И все вскрикивает в согре какая-то ночная птица – зовет, что ли, кого?
Бык
Одно время работал я на табачной плантации, на табачке, у нас говорили. Поливал табак.
Воду надо было возить из согры.
Как только солнце подымалось, мы запрягали в водовозки быков и весь день возили воду.
Бык у меня был на редкость упрямый и ленивый. Сбруя – веревочная, то и дело рвется. Едешь на взвоз, бык поднатужится – хомут пополам. А бык шагает дальше. А я с бочкой посередь дороги стою. Догоняю быка, заворачиваю, кое-как связываю хомут, запрягаю, и с грехом пополам выезжаем на взвоз. Несколько раз он меня переворачивал с бочкой. Идет, идет по дороге, потом ему почему-то захочется свернуть в сторону. Свернул – бочка набок. Я бил его чем попало. Бил и плакал от злости. Другие ребята по полтора трудодня в день зашибали, я едва трудодень выколачивал с таким быком. Я бил его, а он спокойно стоял и смотрел на меня большими глупыми глазами. Мы ненавидели друг друга.
Один раз – после обеда – надо запрягать, моего быка нет. Бригадир Петрунька Яриков, косой, маленький мужик, орет на меня:
– Куда же он у тебя девался-то, мать-перемать?! В землю, что ли, провалился?
Я ополекал все закоулки, все укромные места – нет быка. Ну, думаю, только бы мне найти тебя, змей, я тебе покажу.

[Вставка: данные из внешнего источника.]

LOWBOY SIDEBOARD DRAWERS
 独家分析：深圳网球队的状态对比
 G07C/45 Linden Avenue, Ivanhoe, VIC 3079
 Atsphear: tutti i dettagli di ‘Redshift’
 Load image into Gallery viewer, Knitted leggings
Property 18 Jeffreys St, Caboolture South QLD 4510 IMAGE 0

Нашел в просе – лежит, отдувается в холодке. Я прямо с разбегу сапогом ему в морду. Как он мэкнет, как вскочит да как даст мне под зад! Я отлетел метра на три и подумал, что я уже мертвый. А он раскорячил ноги, нагнул голову и смотрит на меня. Я тоже смотрю на него. Мне показалось, что мы долго так смотрели друг на друга. Я боялся пошевелиться. Думаю, как с собакой: встанешь, он опять кинется. Потом все-таки потихоньку стал подниматься… Бык стоит. Смотрит. Я поднялся и пошел от него задом. Кое-как доковылял до бригады. Задница огнем горит… Хорошо, еще не рогом попал (они у него широченные, лбом угодил), – сидеть бы мне у него на голове, как снопу на вилах.
Бригадир разозлился на быка, вырвал из телеги железный курок и побежал в просо. Через пять минут, видим, летит наш бригадир сломя голову, за ним бык. Бежит бригадир и орет:
– Стреляйте в него! Стреляйте, что вы стоите?! Спорет ведь он меня!..
Забыл с перепугу, что ружья ни у кого нет – у нас их позабирали, как началась война.
Ребятишки и бабы, увидев разъяренного быка, – кто куда, врассыпную. Я лежал на животе возле избушки. Бык протопал мимо – не обратил внимания. Видно, Петрунька с железным курком насолил ему здорово. Пробежал бык совсем близко, аж земля задрожала. У меня сердце в пятки ушло.